Finies les guéguerres donc mais pas les critiques, la glose, le discours, le blah blah. Le but ne serait plus de convaincre mais au moins d'être convaincu. En attendant de devenir plus sage et d'être capable d'écouter les arguments des autres sans peur de se voir retourné, contaminé, convaincu. Avec, peut-être encore, à l'esprit ces propos de Proust, trouvés en exergue dans Littérature Monstre de Pierre Jourde (p. 341) :

"Je n'admets pas qu'on juge un auteur sur son dessein et non sur son livre. Et quand je vois tel écrivain à la mode aujourd'hui entasser les volumes et s'entendre louer pour ses intentions généreuses, sa profondeur de vues, mais à chaque phrase ne pas trouver la métaphore qu'il faut, faire un tour immense mais ne jamais pouvoir sauter le fossé, je déplore qu'aujourd'hui l'intention soit ainsi tenue pour le fait."

Souvenirs d'une cinéphilie sulfurique (le jour de la Ste Justine)

(Publié initialement sur mon mur FB le 12 mars 2010)

Quand, à l'orée des années 80, je suis devenu un vampire qui préférait passer ses mercredis et samedis aprem dans les salles obscures de la Canebière plutôt que de courir dans les collines qui surplombent St Thys, le désir d'interdit s'est très rapidement emparé de moi. Mon premier souvenir de désir impérieux d'interdit cinématographique fut Mad Max de Miller. Le film avait été "X-é" et éveillait donc tous les fantasmes qui garantissent en principe une profonde déception une fois l'acte consommé. Je pus enfin le voir à l'arrière d'une 2-chevaux dans l'un des deux drive-in catalans de l'époque. Les films interdits aux moins de 13 ans étaient également objets de convoitise intense. Grâce au père de mon complice, nous pûmes découvrir, avant l'âge autorisé, ce qui se cachait derrière l'affiche alléchante de Scanners de Cronenberg et voir des films érotiques diffusés dans certaines salles de l'avenue qui mène au bout de la terre, et qui auraient dû être poursuivies pour tromperie sur la marchandise. Cette période d'interdits prit fin vers mes 14 ans quand je pus enfin voir en vidéo le Chainsaw Massacre et les films de Romero.
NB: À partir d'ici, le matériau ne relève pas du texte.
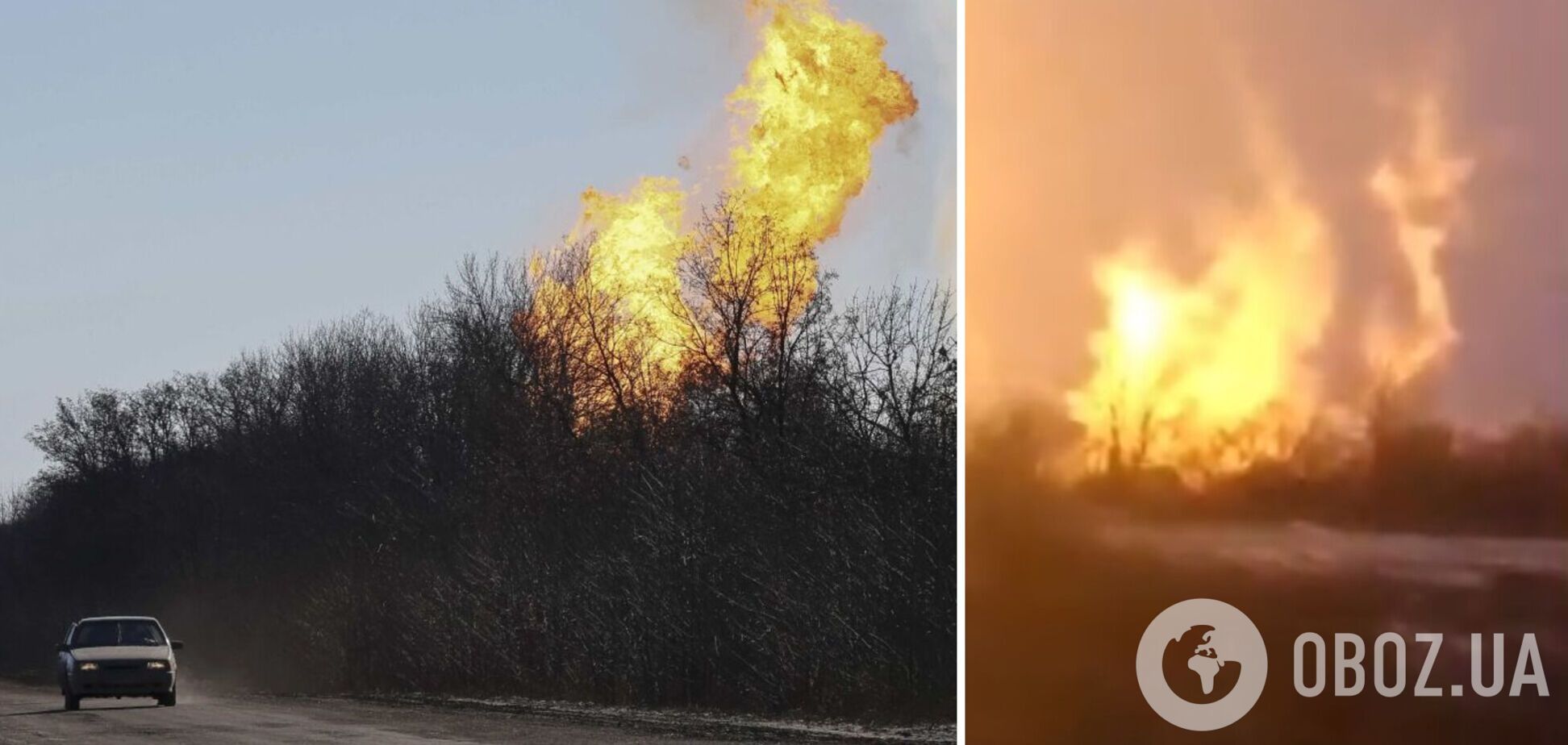 Возле Светлодарска оккупанты перебили газопровод. Видео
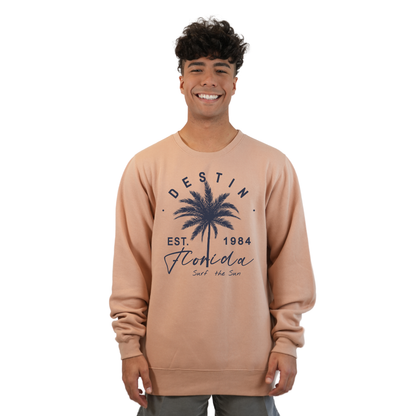 Destin Florida Fleece Crewneck Sweatshirt Men with a Front Palm Tree Est. 1984 Design Style 067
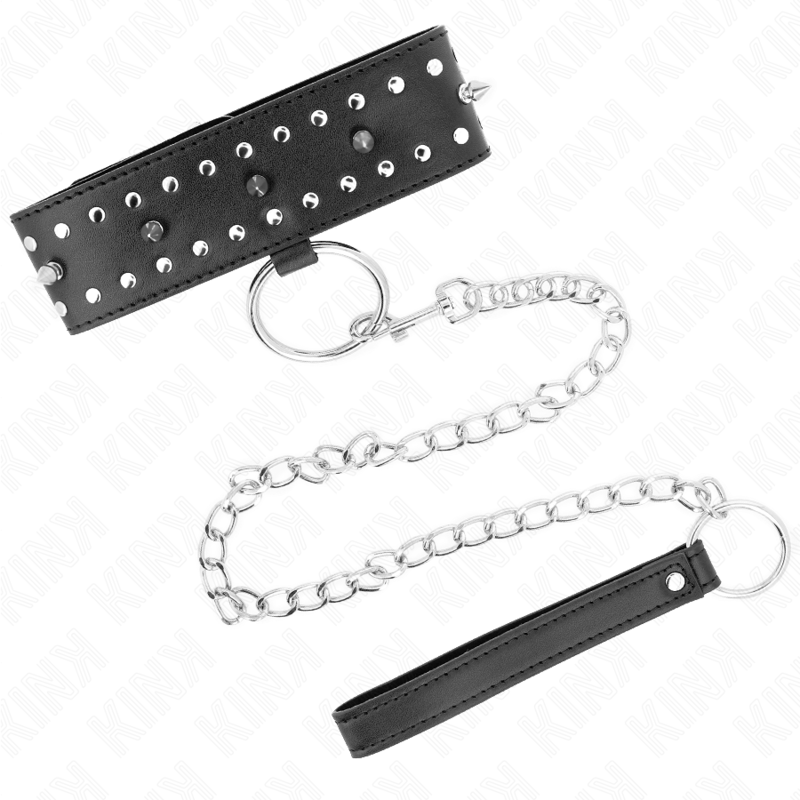 Kink – Halskette mit Leine 65 Cm mit Silbernen Nieten Modell 1 Vers...
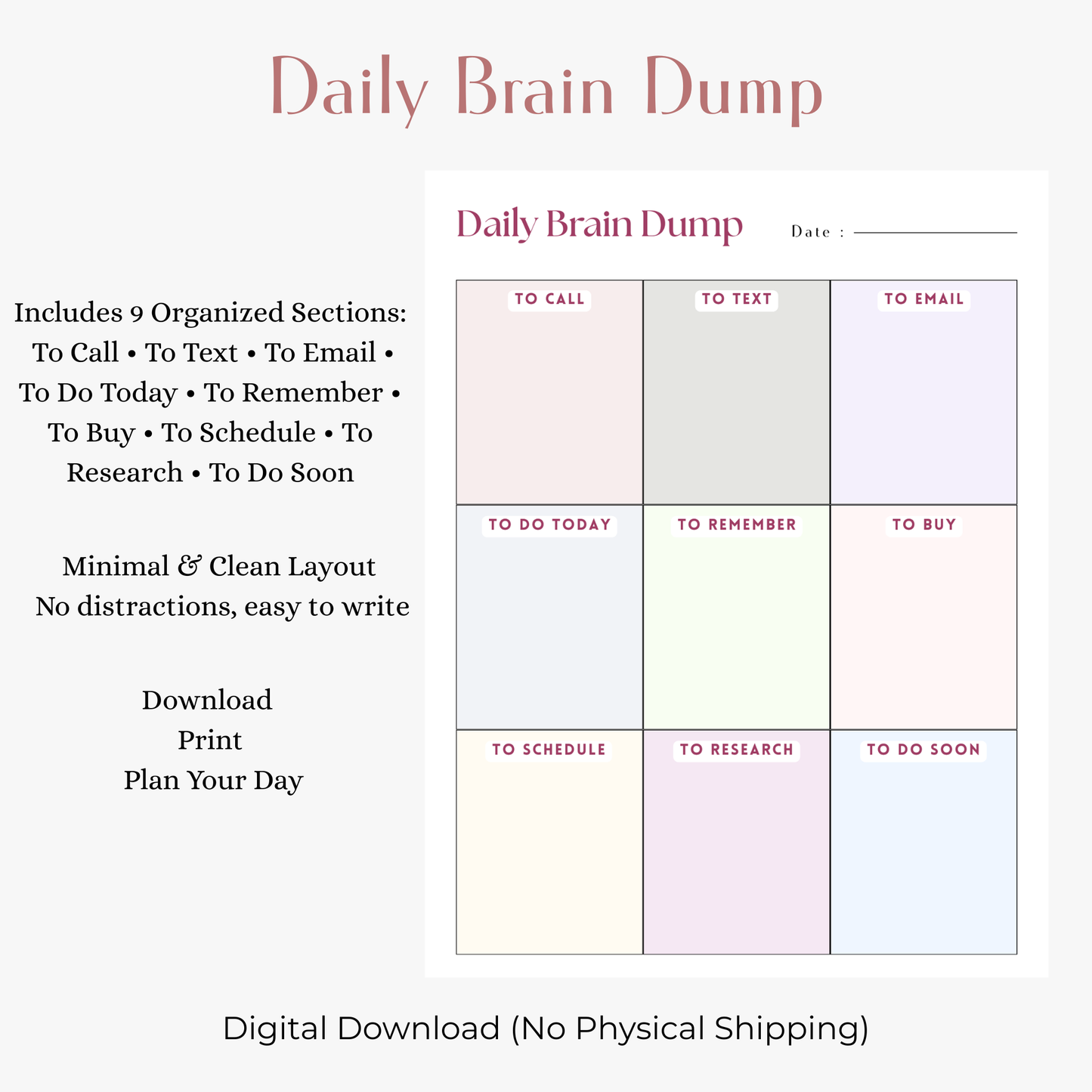 Daily Brain Dump Planner PDF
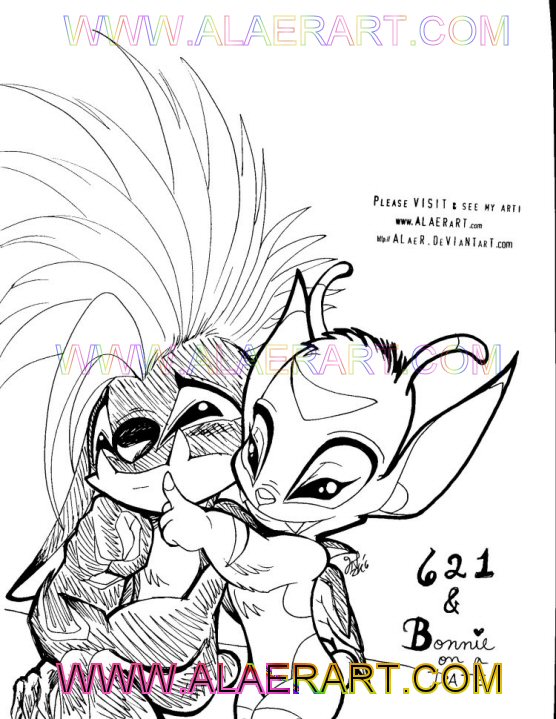 2006 4_fingers alaer alien antennae_(anatomy) black_and_white bonnie_(lilo_and_stitch) chopsuey dipstick_antennae disney distracting_watermark duo ears_down english_text experiment_(lilo_and_stitch) eyebrows facial_markings fangs female fingers forehead_markings fur head_markings lilo_and_stitch male male/female markings mohawk monochrome multicolored_antennae pivoted_ears raised_inner_eyebrows sad short_tail simple_background sitting smile text traditional_media_(artwork) url watermark white_background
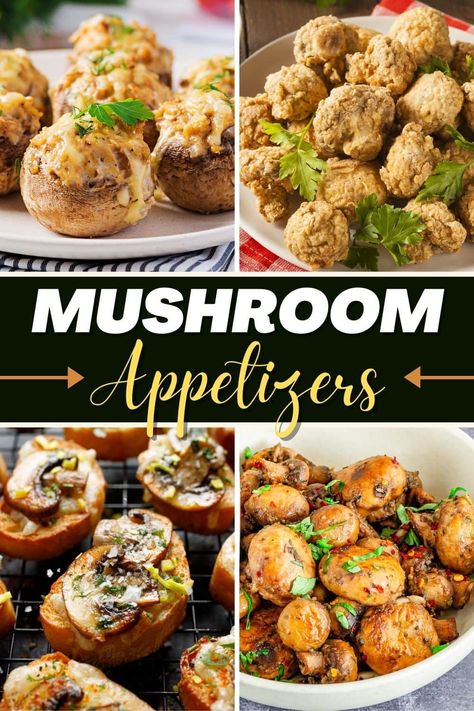 These mushroom appetizers are perfect for any party! From pizza to dip to stuffed mushrooms, everyone will go nuts for these tasty bites. Skewers Appetizers Cold, Mushroom Starter, Mushroom Starters, Mushroom Appetizer, Mushroom Appetizer Recipes, Mushroom Bites, Easter Appetizers Easy, Mushroom Recipes Healthy, Mushroom Appetizers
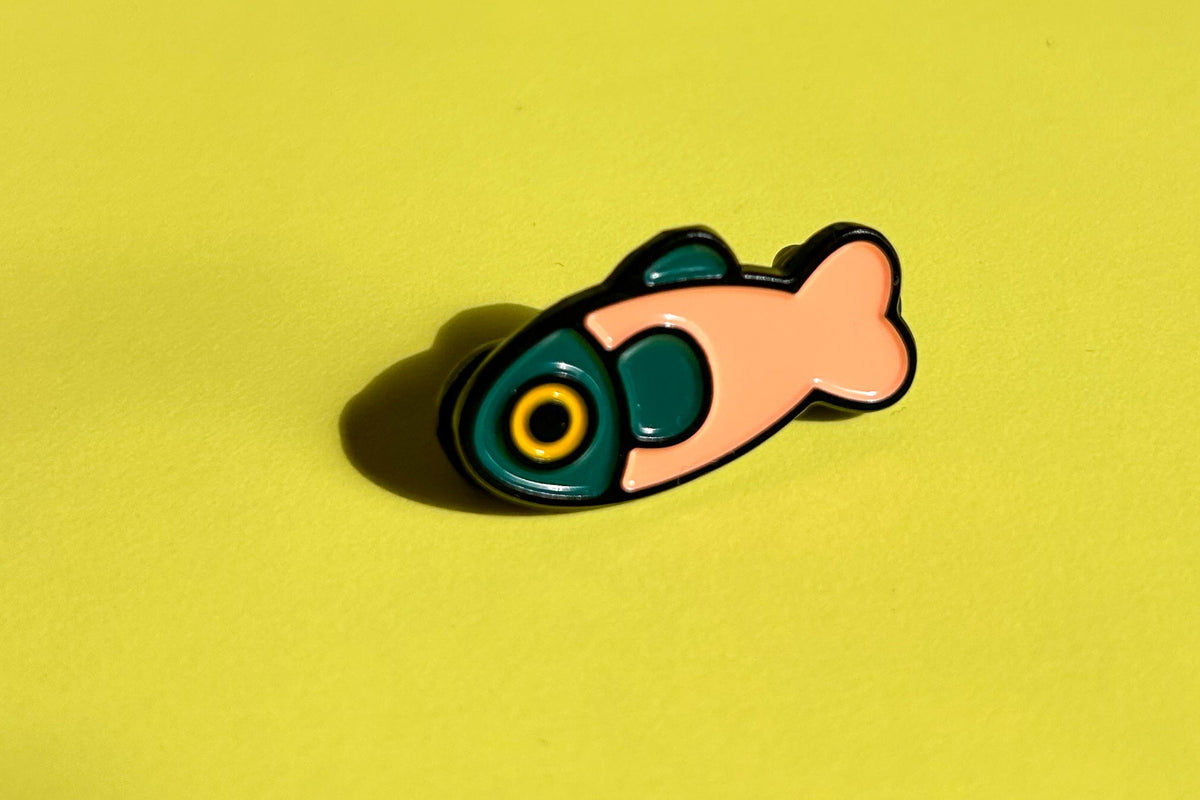 Fish Enamel Pin - Coral / Dark Green – Curlworks
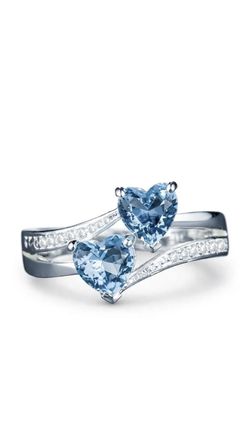 New Double Heart Blue Stone Ring Silver Size 6-10.5
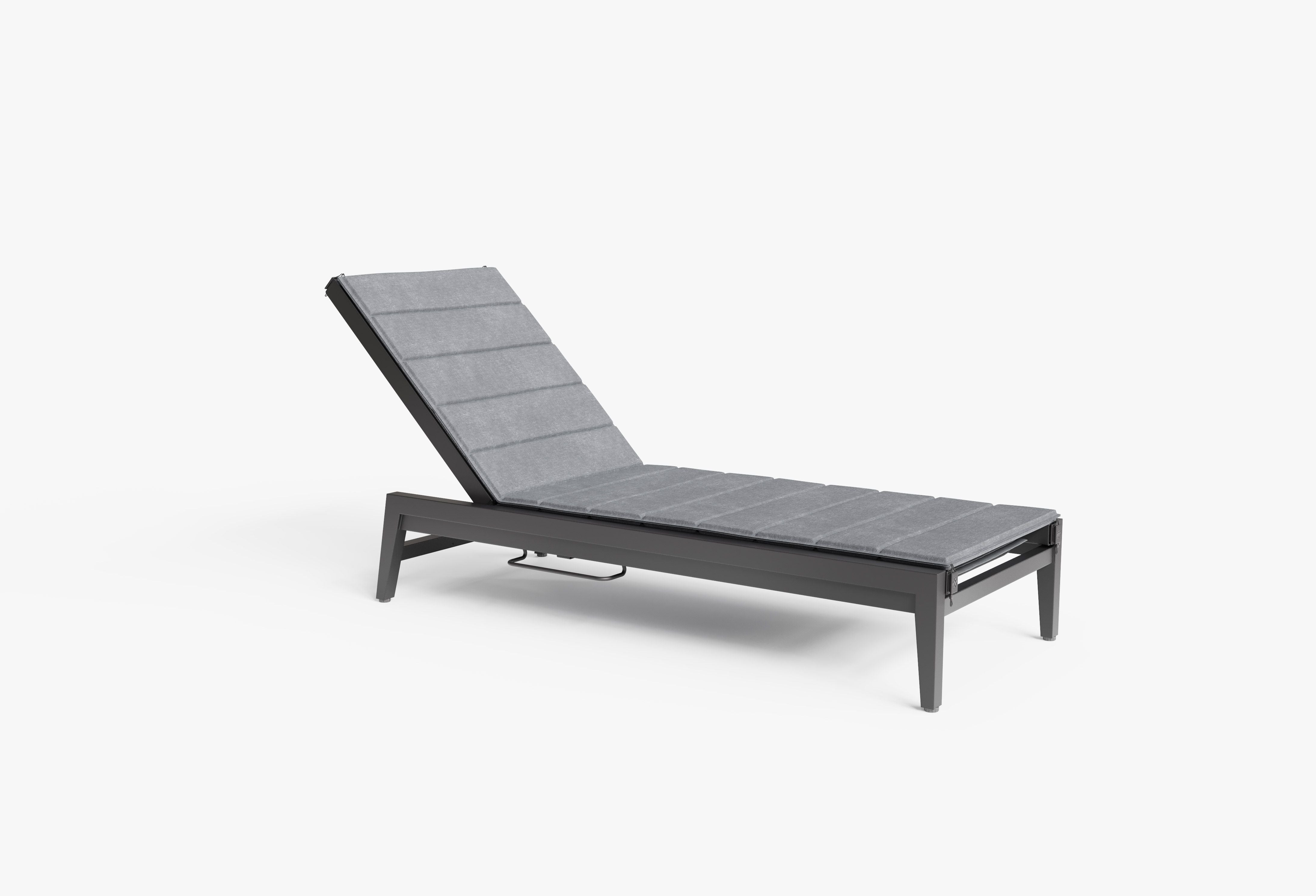 The Infinity Chaise shown with optional cushion in Pacific Fog Gray. #color_pacific fog gray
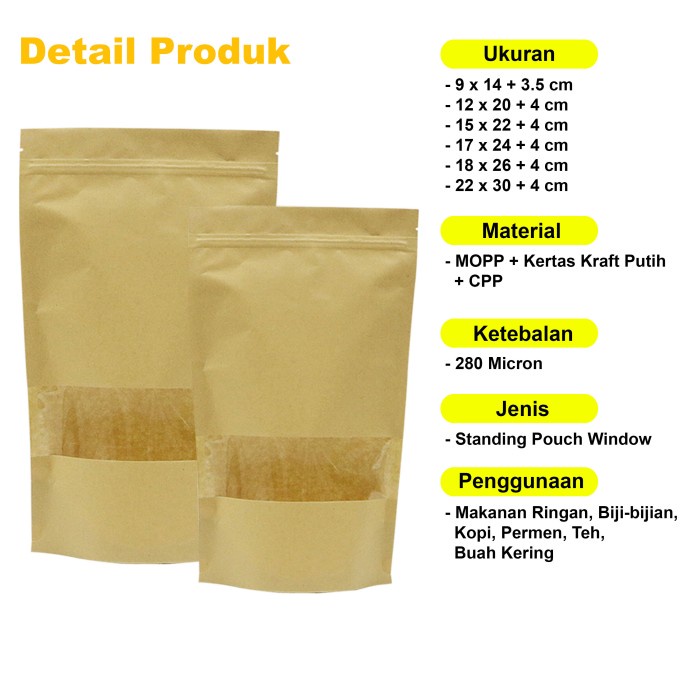 Standing Pouch Kraft Paper Bag Cokelat Window Kemasan Klip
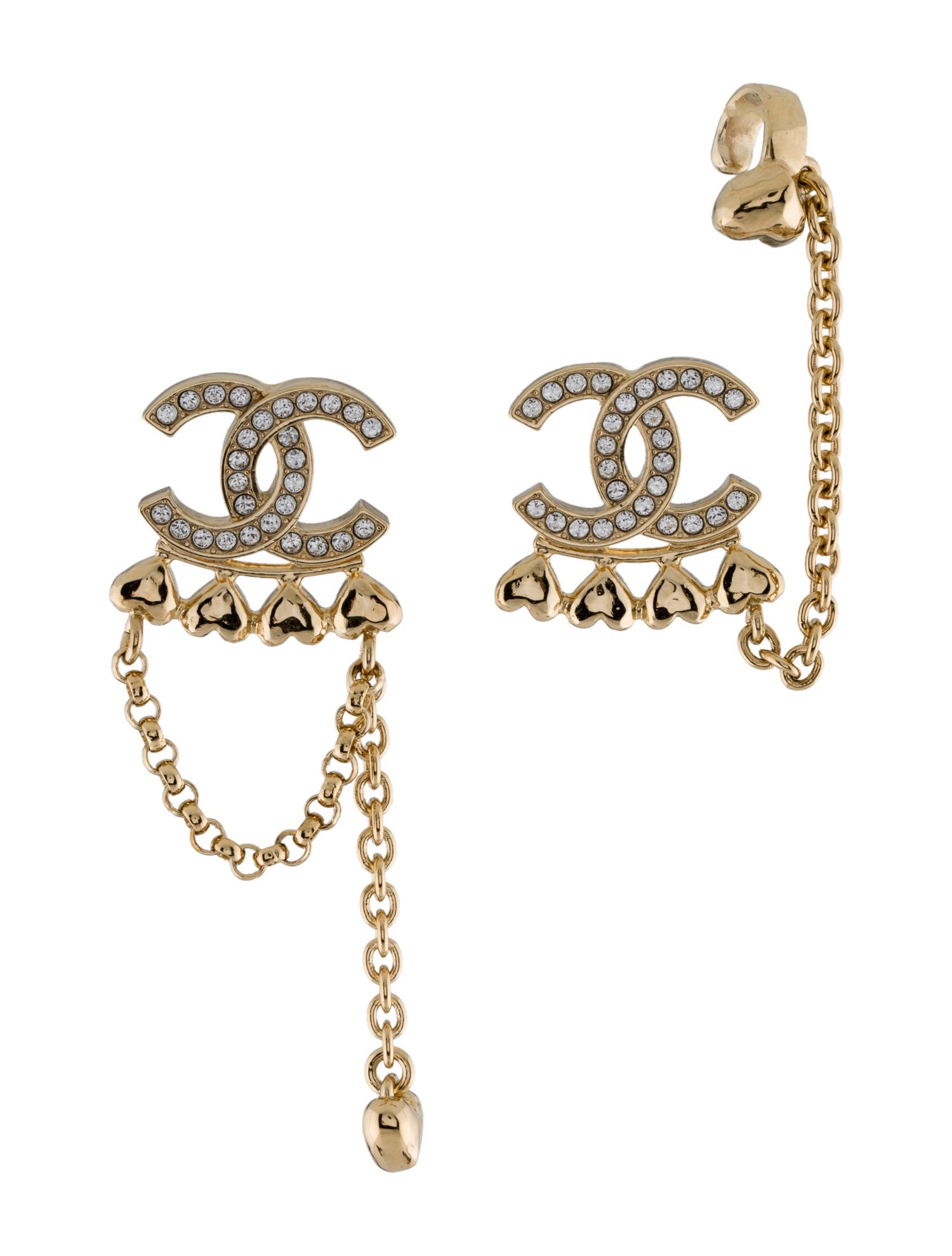 Chanel 2023 Strass Heart Ear Cuff Drop Earrings
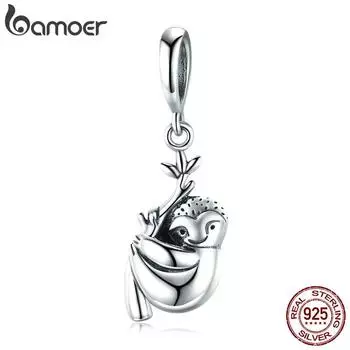 BAMOER Стерлингового Серебра 925 пробы с изображением животных, милый ленивец, подвеска, подходит для браслетов с подвесками SCC866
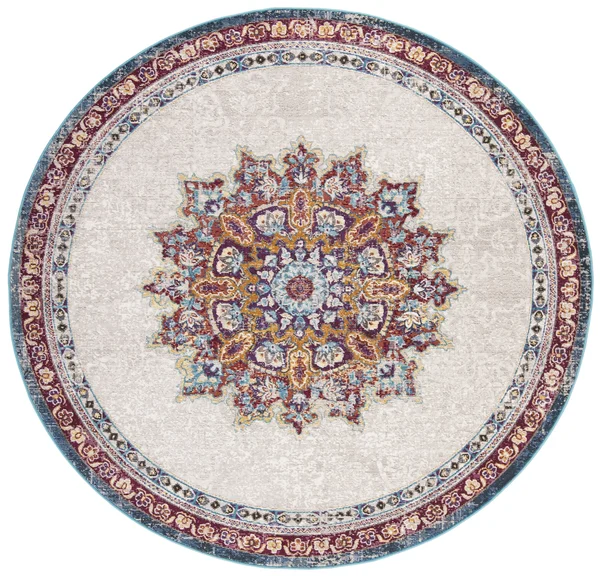 Safavieh Aria ARA103A 5&1x22 x 7&6x22 Ivory, Navy Area Rug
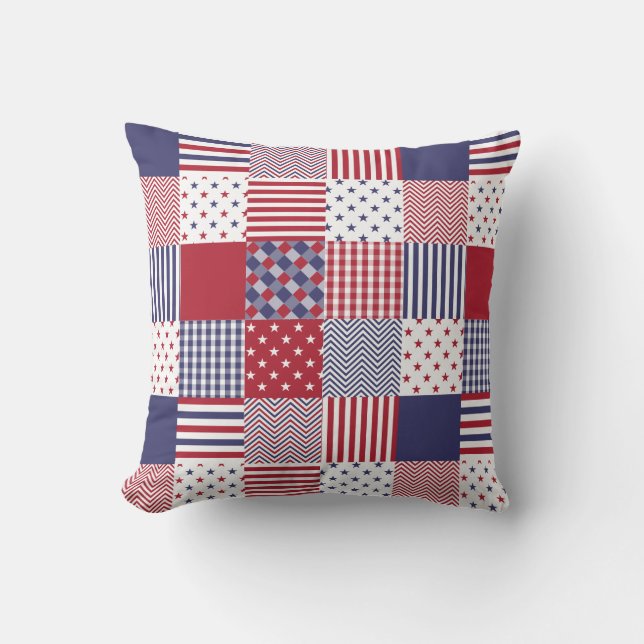 USA Americana Patchwork Red White & Blue Quilt Throw Pillow (Front)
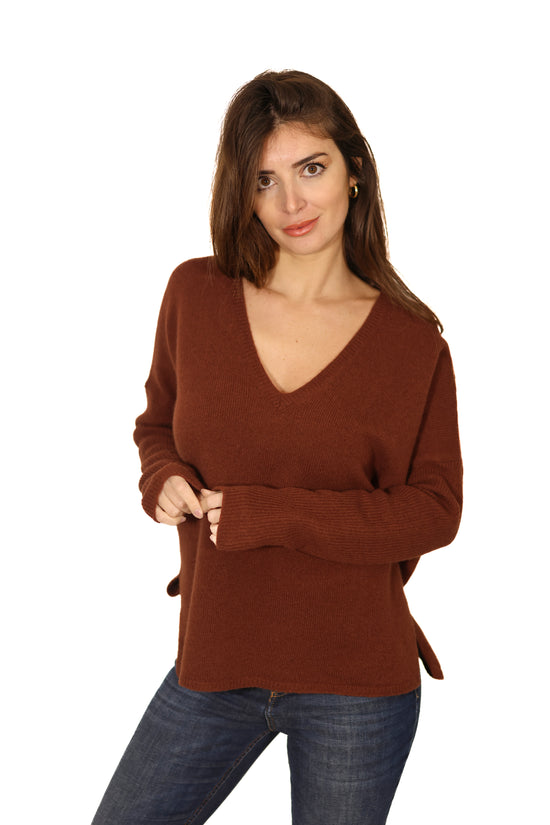 maglia over in lana arancione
Après ? Beaucoup de liberté et un appétit cinéphagique féroce, satisfait au ciné-club du foyer rural ou au Cinématographe, LA salle de Perpignan, mais plus vraiment d'interdits... jusqu'à ce que, devenu majeur, j'entende parler de Salo de Pasolini. La teneur en soufre était telle qu'ils avaient dû mettre le métrage en quarantaine dans un cinéma près de Beaubourg avec 1 séance hebdomadaire le samedi à... minuit. Là, le film était à 10 000 coudées au-dessus de sa réputation. Aucune déception, juste un sale coup de poing dans la gueule.

Depuis ? Rien, vu que l'interdit se nourrit d'invisibilité et de rareté et que depuis l'édition tous azimut en DVD et le partage des divX en peer-to-peer, tout est trouvable et consommable. Pourtant, ces dernières années, à commencer par le premier Funny Games, les films dérangeants n'ont pas manqué, qui auraient illico écopé d'un "X" sous Giscard.

Be Kind, Rewind

(Publié initialement sur mon mur FB le 15 mars 2010)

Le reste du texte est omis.